● **Dataset excerpt**:
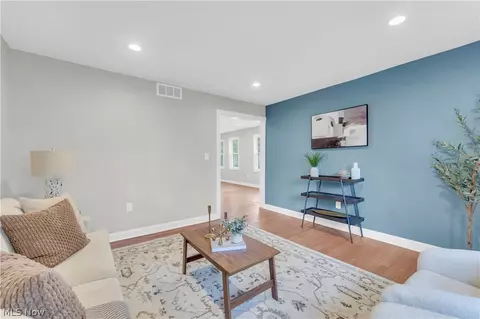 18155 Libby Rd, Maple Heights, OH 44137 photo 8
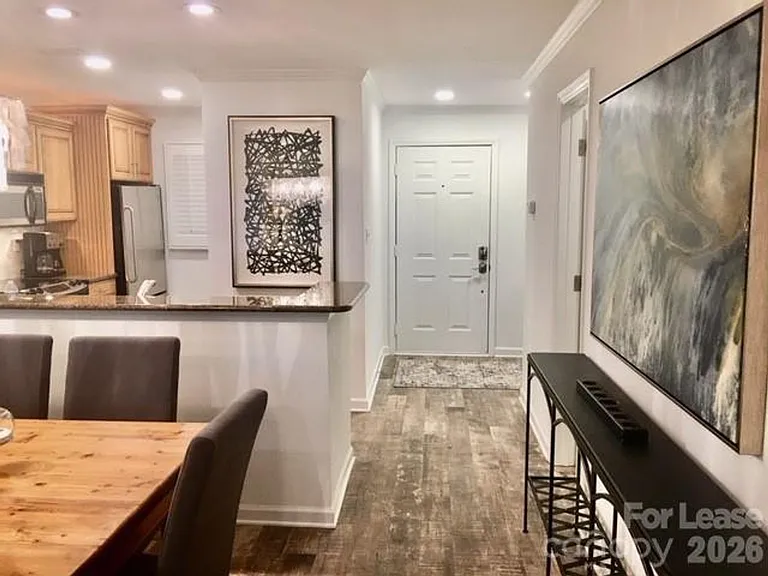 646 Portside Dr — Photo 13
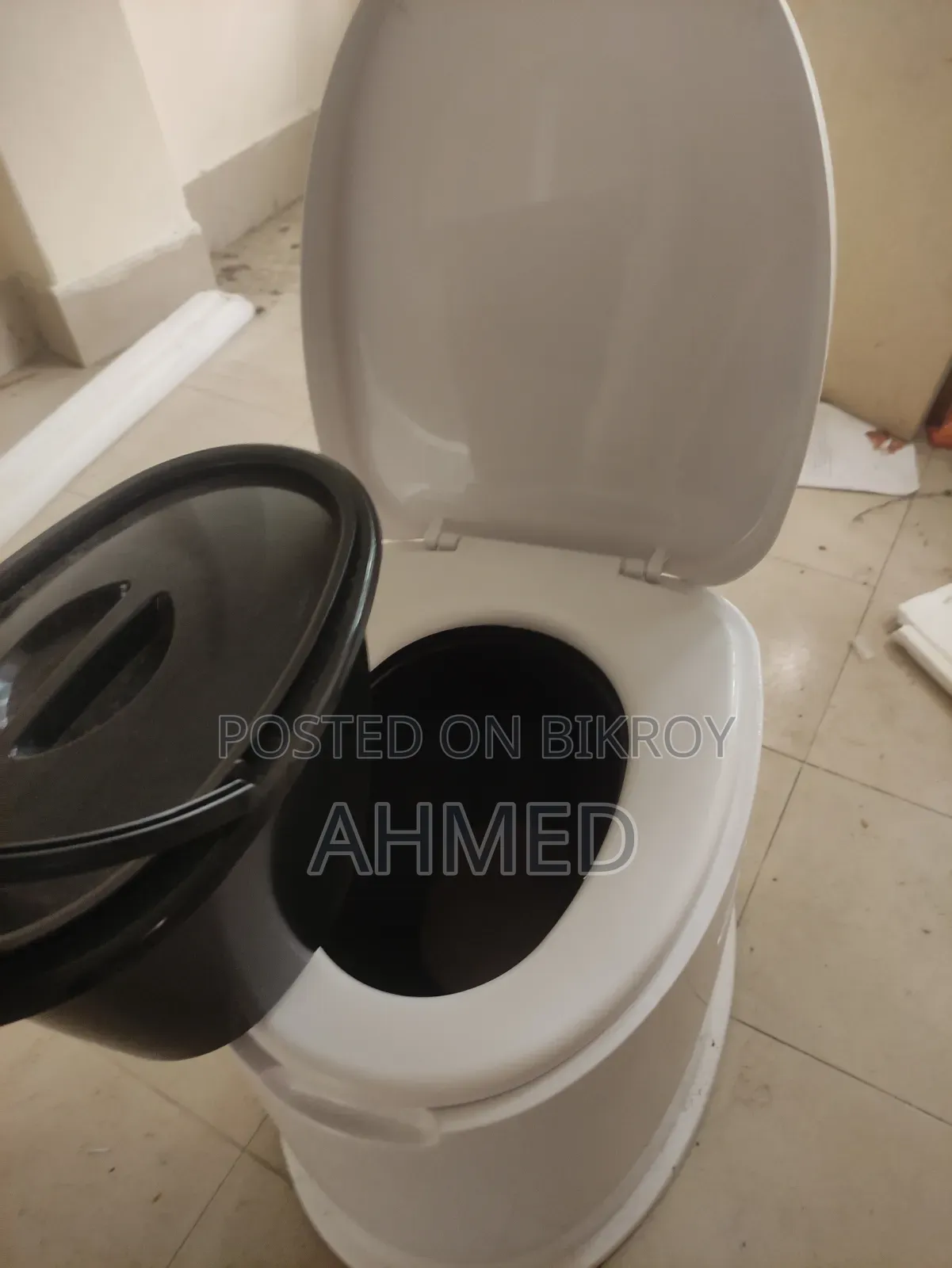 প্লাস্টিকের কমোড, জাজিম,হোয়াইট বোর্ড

● **Task description**: The task requires that every line above be transcribed exactly, without the images.

● **Reply**:
 18155 Libby Rd, Maple Heights, OH 44137 photo 8
 646 Portside Dr — Photo 13
 প্লাস্টিকের কমোড, জাজিম,হোয়াইট বোর্ড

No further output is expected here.